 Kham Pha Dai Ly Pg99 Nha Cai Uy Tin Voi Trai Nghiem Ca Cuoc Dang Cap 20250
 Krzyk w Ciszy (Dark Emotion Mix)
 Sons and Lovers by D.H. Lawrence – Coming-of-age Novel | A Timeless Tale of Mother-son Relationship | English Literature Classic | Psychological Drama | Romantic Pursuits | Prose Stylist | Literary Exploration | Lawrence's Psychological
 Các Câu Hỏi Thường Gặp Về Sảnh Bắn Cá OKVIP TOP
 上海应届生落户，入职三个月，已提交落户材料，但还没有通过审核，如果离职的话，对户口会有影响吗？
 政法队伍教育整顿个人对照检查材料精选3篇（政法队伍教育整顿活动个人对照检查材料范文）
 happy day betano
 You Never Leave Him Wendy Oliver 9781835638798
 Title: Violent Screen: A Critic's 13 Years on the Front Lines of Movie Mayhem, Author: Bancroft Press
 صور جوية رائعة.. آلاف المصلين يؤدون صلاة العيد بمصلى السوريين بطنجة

━━━━━━━━━━

REQUIREMENT: Taking the line that contains "政法队伍教育整顿个人对照检查" as the starting point, copy every line through the end of the listing exactly, and write nothing further.

WRITTEN RESPONSE:
 政法队伍教育整顿个人对照检查材料精选3篇（政法队伍教育整顿活动个人对照检查材料范文）
 happy day betano
 You Never Leave Him Wendy Oliver 9781835638798
 Title: Violent Screen: A Critic's 13 Years on the Front Lines of Movie Mayhem, Author: Bancroft Press
 صور جوية رائعة.. آلاف المصلين يؤدون صلاة العيد بمصلى السوريين بطنجة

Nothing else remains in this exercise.